Start of Data for review

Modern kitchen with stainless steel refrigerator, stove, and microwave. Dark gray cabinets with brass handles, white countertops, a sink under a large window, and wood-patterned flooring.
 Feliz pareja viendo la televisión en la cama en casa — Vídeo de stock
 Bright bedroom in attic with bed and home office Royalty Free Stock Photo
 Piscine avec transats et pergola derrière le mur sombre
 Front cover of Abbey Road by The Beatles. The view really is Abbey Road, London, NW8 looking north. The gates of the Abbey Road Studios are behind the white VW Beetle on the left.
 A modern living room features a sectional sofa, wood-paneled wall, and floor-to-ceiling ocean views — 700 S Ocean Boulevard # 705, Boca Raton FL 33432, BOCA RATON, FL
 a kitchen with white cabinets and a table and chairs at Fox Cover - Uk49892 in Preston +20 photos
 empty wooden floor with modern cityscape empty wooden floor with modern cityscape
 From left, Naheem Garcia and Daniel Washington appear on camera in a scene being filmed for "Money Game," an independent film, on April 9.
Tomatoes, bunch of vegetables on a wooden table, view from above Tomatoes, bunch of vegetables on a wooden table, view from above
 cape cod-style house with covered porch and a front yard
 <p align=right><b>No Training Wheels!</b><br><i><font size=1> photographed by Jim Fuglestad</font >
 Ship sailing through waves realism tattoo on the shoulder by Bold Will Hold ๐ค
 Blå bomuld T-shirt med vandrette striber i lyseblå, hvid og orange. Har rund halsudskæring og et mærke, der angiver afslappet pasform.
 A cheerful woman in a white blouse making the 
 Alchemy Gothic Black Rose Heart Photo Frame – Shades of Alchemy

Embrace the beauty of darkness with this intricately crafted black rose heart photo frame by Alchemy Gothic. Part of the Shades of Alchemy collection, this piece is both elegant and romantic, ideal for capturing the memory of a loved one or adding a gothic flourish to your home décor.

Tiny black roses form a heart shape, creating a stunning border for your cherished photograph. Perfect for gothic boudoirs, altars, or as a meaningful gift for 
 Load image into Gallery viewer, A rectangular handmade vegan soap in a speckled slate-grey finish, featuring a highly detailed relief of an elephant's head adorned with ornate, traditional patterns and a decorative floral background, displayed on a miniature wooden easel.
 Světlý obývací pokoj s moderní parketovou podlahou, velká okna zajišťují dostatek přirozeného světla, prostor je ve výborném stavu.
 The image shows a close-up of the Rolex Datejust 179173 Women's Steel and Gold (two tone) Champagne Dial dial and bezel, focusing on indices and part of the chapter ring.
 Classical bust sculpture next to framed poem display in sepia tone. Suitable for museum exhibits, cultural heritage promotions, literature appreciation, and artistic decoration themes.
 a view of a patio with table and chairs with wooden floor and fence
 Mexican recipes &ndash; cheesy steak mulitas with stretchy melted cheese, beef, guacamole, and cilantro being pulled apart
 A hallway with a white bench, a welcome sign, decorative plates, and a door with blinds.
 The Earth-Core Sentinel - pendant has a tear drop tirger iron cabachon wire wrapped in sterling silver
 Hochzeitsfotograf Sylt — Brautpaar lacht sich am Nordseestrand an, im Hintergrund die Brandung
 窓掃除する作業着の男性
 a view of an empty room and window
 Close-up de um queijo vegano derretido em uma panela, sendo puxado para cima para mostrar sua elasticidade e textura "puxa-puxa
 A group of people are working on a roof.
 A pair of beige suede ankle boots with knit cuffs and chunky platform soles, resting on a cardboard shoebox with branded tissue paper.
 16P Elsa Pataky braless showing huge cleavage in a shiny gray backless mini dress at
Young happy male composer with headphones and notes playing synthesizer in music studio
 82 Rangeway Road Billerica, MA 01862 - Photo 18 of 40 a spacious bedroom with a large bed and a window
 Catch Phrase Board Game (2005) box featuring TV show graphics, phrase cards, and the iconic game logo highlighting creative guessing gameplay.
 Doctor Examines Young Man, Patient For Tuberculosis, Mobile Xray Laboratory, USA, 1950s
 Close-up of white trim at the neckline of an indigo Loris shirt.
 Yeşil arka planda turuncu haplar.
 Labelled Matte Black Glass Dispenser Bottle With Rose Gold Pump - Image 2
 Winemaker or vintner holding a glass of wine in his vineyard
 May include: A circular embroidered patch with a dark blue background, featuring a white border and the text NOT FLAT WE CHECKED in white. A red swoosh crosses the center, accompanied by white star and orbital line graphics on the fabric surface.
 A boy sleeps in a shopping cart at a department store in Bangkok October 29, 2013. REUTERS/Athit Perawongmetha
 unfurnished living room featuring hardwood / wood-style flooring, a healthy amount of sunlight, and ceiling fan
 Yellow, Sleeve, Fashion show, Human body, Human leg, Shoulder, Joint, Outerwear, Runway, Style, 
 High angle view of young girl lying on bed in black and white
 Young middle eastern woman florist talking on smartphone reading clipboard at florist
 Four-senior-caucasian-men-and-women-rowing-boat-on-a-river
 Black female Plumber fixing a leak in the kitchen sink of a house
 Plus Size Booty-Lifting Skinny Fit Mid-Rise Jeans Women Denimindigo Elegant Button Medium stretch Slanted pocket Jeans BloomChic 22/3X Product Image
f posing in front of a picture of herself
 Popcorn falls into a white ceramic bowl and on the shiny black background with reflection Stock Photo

End of Data for review

• [What is expected] Going back to the entries above, set down exactly the lines that begin at the one with "a view of a patio" and end at the one with "Close-up de um", both included, and nothing else.

• [Finished task]
 a view of a patio with table and chairs with wooden floor and fence
 Mexican recipes &ndash; cheesy steak mulitas with stretchy melted cheese, beef, guacamole, and cilantro being pulled apart
 A hallway with a white bench, a welcome sign, decorative plates, and a door with blinds.
 The Earth-Core Sentinel - pendant has a tear drop tirger iron cabachon wire wrapped in sterling silver
 Hochzeitsfotograf Sylt — Brautpaar lacht sich am Nordseestrand an, im Hintergrund die Brandung
 窓掃除する作業着の男性
 a view of an empty room and window
 Close-up de um queijo vegano derretido em uma panela, sendo puxado para cima para mostrar sua elasticidade e textura "puxa-puxa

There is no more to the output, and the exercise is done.